I think we should use the information from PL2_GetStartStopChannelInfo and PL2_GetStartStopChannelData as the ground truth -- if this information indicates that there is more than 1 segment, then reject the file for processing.

At the same time, if the number of fragments returned exceeds 1 due to one or more gaps in the data, we should do the following:

  1. Issue a warning
  2. Apply a threshold to determine whether the gap is acceptible. a. If the gap exceeds the threshold, break b. If the gap is less than the threshold, just fill it in with zeros.

Questions:

  1. If we do go with my proposed solution, then what would be an acceptable gap threshold? 1 second? 500 ms?
  2. Would we want to add this threshold as a parameter that can be set by the user somewhere?
zm711 commented 4 weeks ago

I will read your comment soon. Today I'm swamped but I will try for the next couple days :)

h-mayorquin commented 4 weeks ago

Same here, this is on my radar but this week is super busy.

samuelgarcia commented 3 weeks ago

@nikhilchandra I totally agree with, the segments concept in reader should be revised it fuuzy used for handling gaps (like in neurlynx) and handling wanted pause during recording.

I would propose a call to discuss that with @zm711 @h-mayorquin and maybe @alejoe91.

I think we should have a clear gap handling API directly in neo.rawio and the user could decide the tolerance of the gaps and optionaly could retrieve the timestamps of samples. This is a massive task.

nikhilchandra commented 3 weeks ago

@samuelgarcia Agreed

@zm711 @h-mayorquin @alejoe91 Let me know if you'd like to do a call sometime

nikhilchandra commented 2 weeks ago

@samuelgarcia I am not sure if I should just proceed with my changes or if some discussion is necessary first, based on preceding comments. Please advise.

h-mayorquin commented 2 weeks ago

Sorry for the delay on this. We all have been very busy. We will discuss this this week, would you like to join? I will send an invite by email.

nikhilchandra commented 2 weeks ago

I have responded to your email. See you soon!

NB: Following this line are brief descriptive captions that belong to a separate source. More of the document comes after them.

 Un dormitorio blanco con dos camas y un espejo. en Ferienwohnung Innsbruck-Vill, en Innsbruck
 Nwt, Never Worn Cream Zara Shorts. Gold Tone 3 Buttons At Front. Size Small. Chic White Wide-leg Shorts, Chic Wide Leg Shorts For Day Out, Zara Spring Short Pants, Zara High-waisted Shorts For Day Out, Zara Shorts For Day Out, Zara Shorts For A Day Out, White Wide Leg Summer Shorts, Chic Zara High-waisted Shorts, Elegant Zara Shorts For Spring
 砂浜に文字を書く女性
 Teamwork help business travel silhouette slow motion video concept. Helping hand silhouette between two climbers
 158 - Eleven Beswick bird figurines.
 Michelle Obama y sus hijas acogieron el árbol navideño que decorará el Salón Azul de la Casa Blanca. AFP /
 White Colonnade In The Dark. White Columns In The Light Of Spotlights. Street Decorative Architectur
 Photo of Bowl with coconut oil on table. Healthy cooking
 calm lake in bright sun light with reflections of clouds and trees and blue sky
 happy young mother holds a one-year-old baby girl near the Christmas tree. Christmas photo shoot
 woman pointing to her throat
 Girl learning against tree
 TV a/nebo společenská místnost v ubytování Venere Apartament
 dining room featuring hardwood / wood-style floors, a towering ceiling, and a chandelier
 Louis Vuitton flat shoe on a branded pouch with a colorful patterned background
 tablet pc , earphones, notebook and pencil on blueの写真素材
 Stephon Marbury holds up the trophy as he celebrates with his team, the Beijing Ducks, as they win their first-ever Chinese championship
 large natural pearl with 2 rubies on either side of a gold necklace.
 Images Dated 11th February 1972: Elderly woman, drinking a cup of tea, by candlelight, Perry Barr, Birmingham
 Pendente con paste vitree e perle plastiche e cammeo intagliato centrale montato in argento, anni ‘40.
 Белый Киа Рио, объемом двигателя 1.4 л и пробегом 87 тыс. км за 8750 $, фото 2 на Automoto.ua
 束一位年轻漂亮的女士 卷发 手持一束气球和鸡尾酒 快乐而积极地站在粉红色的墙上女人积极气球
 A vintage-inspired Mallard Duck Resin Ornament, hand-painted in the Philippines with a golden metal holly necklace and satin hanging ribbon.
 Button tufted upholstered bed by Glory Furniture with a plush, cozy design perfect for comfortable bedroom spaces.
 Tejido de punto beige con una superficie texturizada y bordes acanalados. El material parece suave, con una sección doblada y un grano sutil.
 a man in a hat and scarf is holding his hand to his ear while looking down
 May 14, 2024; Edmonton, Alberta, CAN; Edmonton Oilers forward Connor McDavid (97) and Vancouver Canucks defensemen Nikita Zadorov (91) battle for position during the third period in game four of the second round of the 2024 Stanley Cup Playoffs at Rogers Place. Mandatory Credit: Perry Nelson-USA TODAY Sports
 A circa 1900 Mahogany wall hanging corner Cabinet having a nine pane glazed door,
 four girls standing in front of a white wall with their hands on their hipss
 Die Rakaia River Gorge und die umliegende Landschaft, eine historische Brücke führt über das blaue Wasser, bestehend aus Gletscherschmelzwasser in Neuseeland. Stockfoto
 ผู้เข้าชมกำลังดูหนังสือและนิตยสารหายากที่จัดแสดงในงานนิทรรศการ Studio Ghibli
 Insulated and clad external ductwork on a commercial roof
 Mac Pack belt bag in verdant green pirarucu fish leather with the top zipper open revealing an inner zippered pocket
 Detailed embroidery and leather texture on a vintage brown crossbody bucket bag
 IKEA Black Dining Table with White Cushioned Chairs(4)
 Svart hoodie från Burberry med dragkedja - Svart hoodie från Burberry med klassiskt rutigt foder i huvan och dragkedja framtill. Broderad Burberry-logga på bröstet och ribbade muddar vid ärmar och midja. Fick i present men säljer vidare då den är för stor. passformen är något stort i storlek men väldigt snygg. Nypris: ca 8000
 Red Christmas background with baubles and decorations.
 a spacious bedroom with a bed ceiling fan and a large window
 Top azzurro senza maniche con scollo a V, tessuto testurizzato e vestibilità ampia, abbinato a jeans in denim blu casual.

h-mayorquin commented 1 week ago

OK, we discussed this today. Sam proposed a general way of thinking about this but I am leaving here the relevant context to move this forward:

Semantic distinction between segments and gaps: Segments are international gaps are not.

In the ideal case we have an automatic way of telling this. Intentional jumps in time become segments non-intentional ones becomes gaps. Gaps should not be segment and we should create an API to collect them.

Nikhil action items:

I will open another issue on python-neo to discuss the API thing.